Kunel Gaur uses everyday material in his solo presentation at Method art space, India
by Rahul KumarMar 18, 2022
•make your fridays matter with a well-read weekend
by Rahul KumarPublished on : May 25, 2023
Sameer Kulavoor's practice encompasses his unique observations of spaces, structures and geographies. These nuanced compositions, featuring sequential drawings and reverse painted transparent sheets, underscore the contemporary artist's affinity towards cities and their multi-layered identities. In this art exhibition, architecture is once again the main protagonist. The city in question is an unnamed, ubiquitous entity. A place where design and architecture are born out of responsiveness and resourcefulness rather than a result of extensive detailed pre-planning.
The Indian artist borrowed the title Edifice Complex from a phrase coined by Behn Cervantes, a Filipino activist writing in the time of the autocrat Ferdinand Marcos. It references the phenomenon where individuals, organisations, or governments become obsessed with building grandiose structures to give an impression of power, status or progress, often at the expense of more pressing needs. Kulavoor's works explore this theme, particularly in the context of post-independence aspirations taking the shape of structures built in tier-one and tier-two towns across India.
Kuvaloor’s solo exhibition displayed in TARQ's new home and with lighting design by Tripti Sahni of Studio Trace, this body of work places urban structures firmly in the foreground transferring the focus from the people that inhabit the city to the city itself.
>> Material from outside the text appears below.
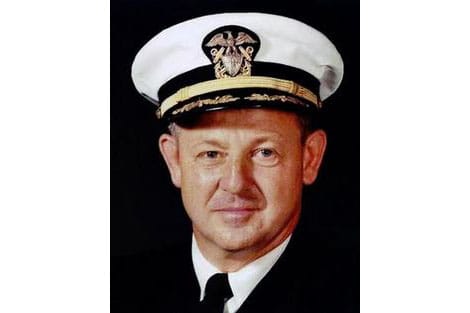 Kenneth M. Glass wearing a Navy hat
I speak to Sameer Kulavoor on his engagement with the urban construction and his practice.
Rahul Kumar: Your recent work explores the urban city as a living being of sorts, one that has an organic amoebic mutation. What in particular interests you about this phenomenon? How did you arrive at the title, Edifice Complex?
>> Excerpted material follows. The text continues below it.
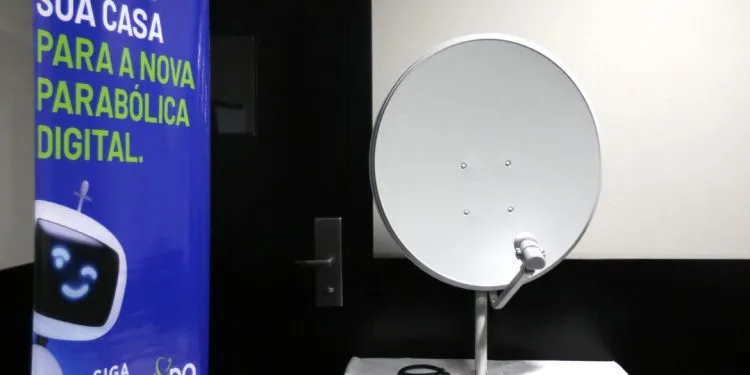 Antena parabólica digital branca em exposição com banner informativo.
Sameer Kulavoor: While one sees the urban city as a living being undergoing an amoebic mutation, the most interesting aspects are the factors that come together to cause this mutation. These factors range from lack of space and time, real estate regulation policies, aspirations of people, easy availability of labour, power lobbies and the ingenuity of working around these restrictions and working with available resources. There are ever changing hierarchies or power structures at, both, micro and macro level, that come together to decide how spaces and structures are built and how they function. For example, the ruling party of a state or nation makes decisions on how infrastructure projects or legislative buildings look/work and which architect/contractor gets the tender. At a micro level, the most powerful member of a family or the owner of a land could decide how they'd like the family home to be built, who is commissioned to build it, what the home should feel and look like, etc. In both cases, there may be grand personal aspirations or ambitions to project a certain image—in order to give an impression of power, status or progress, often at the expense of more pressing needs. These factors collectively combine to this phenomenon of mutation. The title Edifice Complex is borrowed from a phrase coined by Behn Cervantes, a Filipino activist writing in the time of the autocrat Ferdinand Marcos. The Marcos administration used publicly funded grandiose construction projects as political and election propaganda.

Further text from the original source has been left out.